NO HEROES   2     5 – 7 - 81Il est au maximum de l'inquiétude pour son spectacle et profite du court répit nécessaire à la prise de vue pour terminer la bande sonore. Il est en retard et aimerait écouter une musique dont il a besoin. Je lui donne alors un casque et il évolue dans l'a1u, tout en écoutant la musique. Du coup il joue avec l'emballage, et cherche à s'en envelopper. Après coup il remarque: au début j'ai eu peur d'abîmer le papier métal, j'ai donc roulé lentement sur moi-même.

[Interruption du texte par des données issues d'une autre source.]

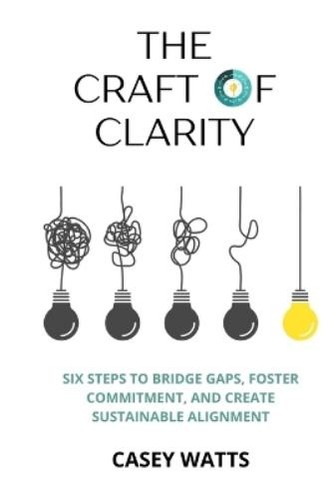 Casey watts the craft - craft, of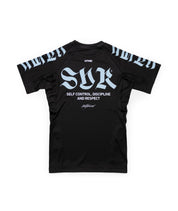 RASHGUARD "SDR"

NO HEROES   3      8 – 7 - 81Je me ressentais dans le même état de disponibilité, de fonctionnement de tout le corps, comme après un échauffement de danse. J'ai évolué à partir de mouvements simples, non posés. C'était la seule façon que j'avais de vivre ce travail, dans la mesure où jusqu'à présent, j'ai toujours refusé qu'on me prenne en photo ( refus de l'image qui reste sur le papier ). J'ai accepté parce que je te connaissais, je connaissais les gens avec lesquels tu travaillais, et le genre de travail que tu faisais . Le refuser, je l'aurais pris comme une lâcheté, c'est à dire comme un refus d'aller jusqu'au bout de ce que je désirais
NO HEROES   4      4 – 8 - 81Je n'ai été prise en photo dans cette maison qu'avec les gens qui y vivaient. Et ça n'est pas arrivé très souvent. Je ressens là ce que je suis au fond de moi-même: la photo le rend plus conscient. J'ai caché le visage parce que c'était la règle du jeu. Mais ça ne m'aurait pas gênée d'être reconnaissable Je suis souvent nue et ça ne me dérange pas, même si c'est le plus souvent quand je suis seule.J'ai joué avec l'aluminium, et je trouvais amusant de penser à ce que j'allais montrer, et à ce que j'allais cacher.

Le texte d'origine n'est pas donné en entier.